To make things more interesting, the same analysis can be done for the *E. coli* genome:

```
#!/bin/bash
#Counting k-mers for different k on ecoli
echo "k,unique,distinct,total"
for k in {1..31}; do
kat hist -o ecoli_$k.hist -m $k -h 3000000 ecoli.fasta >/dev/null 2>&1
egrep -v '^#| 0$' ecoli_$k.hist|awk '{if ($1==1) u=$2; d+=$2; t+=$2*$1;}\
END{print "'$k',"0+u","d","t}'
done
```

Note: notice we adjusted the maximum count in the KAT histogram and modified the grep/awk to just skip 0 counts, and there area lot of 0 counts on these files as we are slightly abusing KAT beyond its intended purpose for these examples.

And the corresponding plot looks like this:

We notice two things straight away: in this larger, relatively more complex genome, there is high saturation of the small universes up to `k=10`

, with all their *k-mers* fully occupied and no unique *k-mers* ; and for the higher values of *k*, the *unique* and *distinct* counts do not fully reach the *total k-mer* number.

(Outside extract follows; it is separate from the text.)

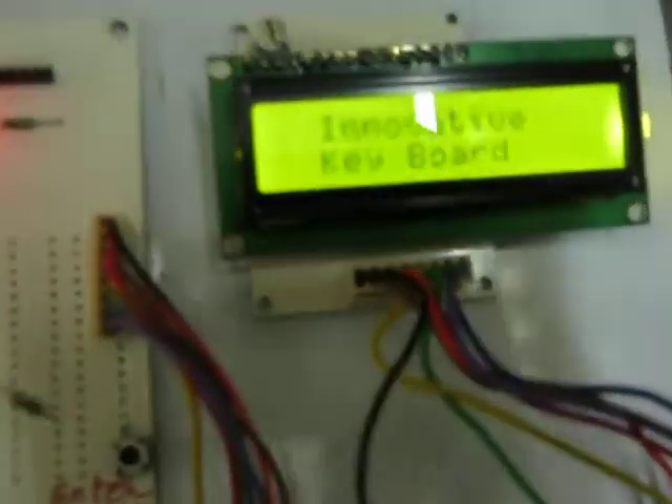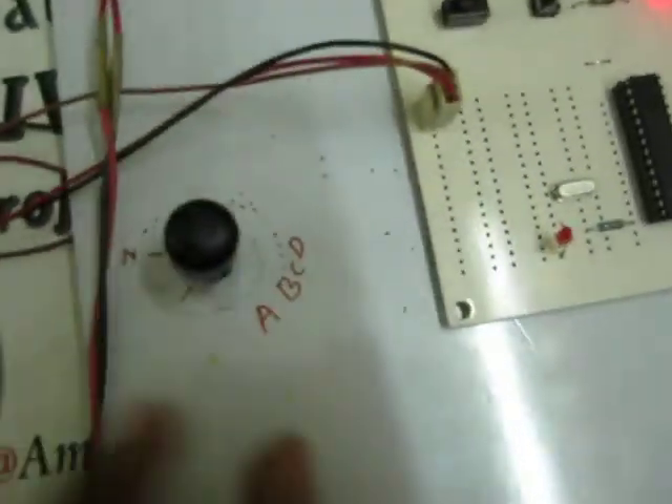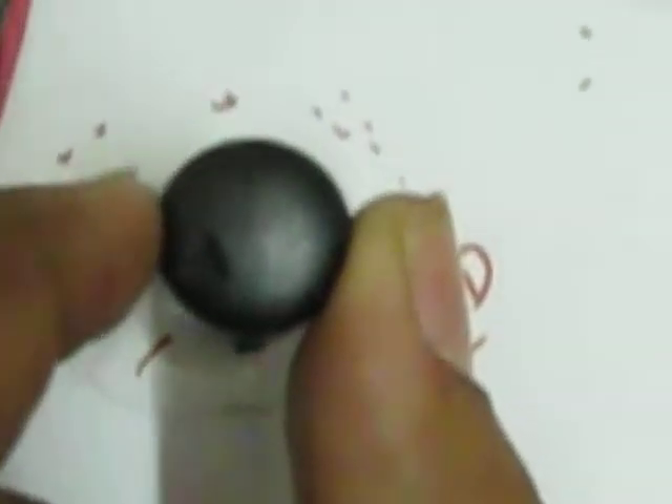Welcome to the project: innovative keyboard with single input pin. Here we are going to select whichever characters you are going to operate from this potentiometer, and whichever character you select is going to display on your LCD — this is a 16 by 2 LCD. The selection button is what you use to enter whichever character you choose. When I move this potentiometer, you can see the different characters being displayed here.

Even well past desaturation, when the numbers of *distinct* and *unique* *k-mers* separate from the fast-growing *size of the universe* and become closer to the *total k-mers*, and up to the last point where `k=20`

, there are still some *k-mers* that are not unique: these are computational repeats.

**Why do many tools use k = 31 ?**

31 is the largest odd value of *k* such that a *k-mer* can be translated into a 64-bit integer. Most computers nowadays can manipulate 64-bit integers very well and most programming languages will make it easy to work efficiently with 64-bit integers (yes, this has to do with computers using 64-bit architectures). With *31-mers* being specific enough that a large number of them are unique both in mammalian-sized genomes (and some more complex genomes too) and in bacterial genome databases, bioinformatics tools just stick to that.

**Coming soon…**

In future posts we will go over *k-mer* counting in WGS reads and the read spectrum, onwards to spectra comparisons, and all kinds of *k-mer* intersection based analyses.

### Version History

2018-09-17: initial post.

2018-09-18: corrected small typos and readability.

2018-09-19: more small typos and readability; and clearer explanation of saturation/desaturation on *E. Coli* genome counting (thanks James Mallet!).

2020-03-04: corrected the number of distinct 8-mers in Phi-X. Thanks @Erdos!!!